All three are competitors from similar timeframes. The NES was released as the Famicom in Japan, but took until 1985 to get released in North America and 1986 to be wide released here. The 7800 was intended for release in 1984 but outside of a test market before the company was sold, didn't really see release until 1986. I can't remember the dates for the SMS, but I think the Mark III was out in Japan in 1983 as well, but 1986 in North America. In the SMS's case, I *THINK* the SMS has some upgrades, but I'm not sure about this.

 

The NES and SMS are more "fixed form" type systems, meaning they tend to play tile based side scrollers really well, but start to struggle when playing other types of games.
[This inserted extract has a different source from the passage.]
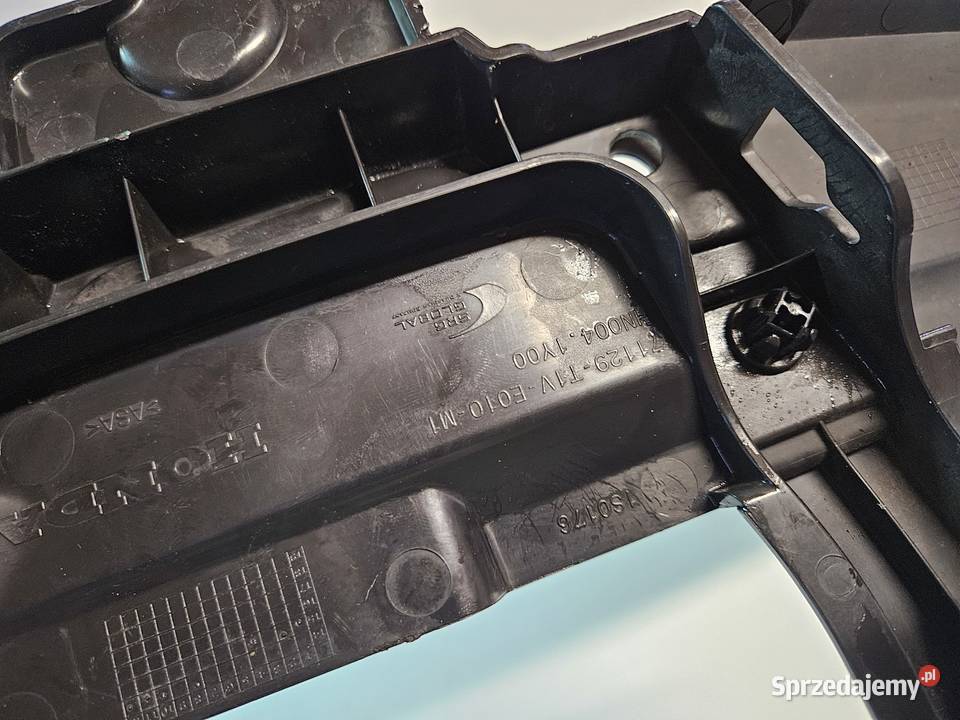 HONDA CRV CRV IV 4 LIFT ŚLIZG MOCOWANIE ATRAPY Pozostałe Międzychód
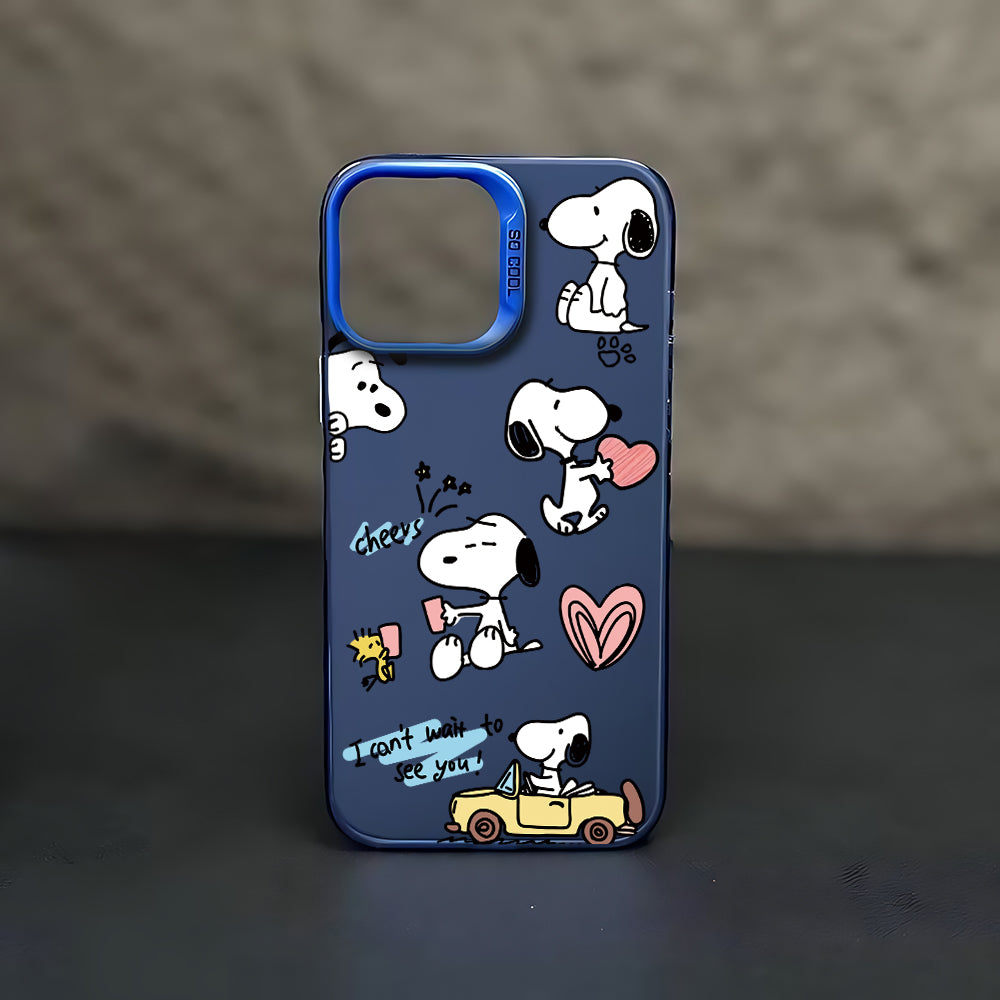 Snoopy Phone Case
The 7800 is more "free form" in that it gives developers flexibility, but that's a lot of overhead for a little 8bit system so there can sometimes be sacrifices that are made. The 7800 can play title based side scrollers, but it's more work for the system. On the other hand, it's ability to pull off display tricks is why you see so many damn flight simulators on that system. All three systems have churned out games with parallax scrolling, something people took notice of on the 16 bit systems ... then developers started doing it on the 8bits too.

 

In terms of graphics, the 7800 and SMS have a larger colour palette (256 colors) than the NES (52 colours). The SMS can put more colours on screen at once (I think 32 colors) without tricks than the NES or 7800 (25 colours). Both the NES and SMS have default 256 pixel wide displays and I don't believe any other resolution modes. The 7800 has 160 pixel wide modes, which most games use, giving 7800 games a lower, fat pixel look. However, the 7800 also has 320 pixel wide modes and the highest resolution games on the 7800 are higher than either the SMS or NES. However, there are colour limitations in these high resolution modes. The Homebrew Rikki and Vikki runs in this mode and looks terrific.

 

The 7800's biggest advantage over the other two is its ability to move objects around the screen. There are 7800 games with dozens upon dozens of moving objects that don't have flicker and often don't have slowdown. With the SMS and NES, they get around limitations by flickering and you can't also get a "herky jerky" result with really big boss creatures and the like.

 

In terms of sound, the NES is probably the best, followed by the SMS then the 7800. The 7800 has 2600 sound for compatibility with the 2600, though GCC always intended that the system could include sound on the carts ... something the tramiels didn't pay for. I believe all three have examples of extra RAM. The SMS and NES also have games with battery saves but that's a cheapness function. NES and SMS carts tend to be quite a bit bigger on average, but that's a "cheapness" function as well. Rikki and Vikki is as big as any NES or SMS game is. Most NES games have some form of memory mapper to give the NES capabilities not in the stock system. Don't know if SMS games do. No contemporary 7800 games do, though Rikki and Vikki does as well.

 

I think the NES and 7800 have similar RAM, the SMS has a little bit more ... but this was in an era where they were all trying to do more with less.

 

All of those things aside, there's still a major factor to consider.

 

1. Nintendo was an A+ developer and had every major developer lined up making NES games. And their 2nd through 7th generation games, continuing to push the system and exploit results because the market was there and there was incentive to standup

 

2. Sega was also an A developer and - in Europe in South America - also had sizeble third parties. And they pushed the bounds as well

 

3. Atari treated the 7800 has a cash cow to fund computer development. Labels were black and white, manuals didn't have screen shots, games weren't bigger than 144K, cheap developers were hired and almost no third parties took chances and would have received little support from Atari if they did.

 

If Nintendo had told Shigeru Miyamoto to make a 7800 game, put it on a three megabit cartridge with a mapper and take 18 months to develop it, the results probably would have been different than what you saw on the 7800 ... regardless of technical differences.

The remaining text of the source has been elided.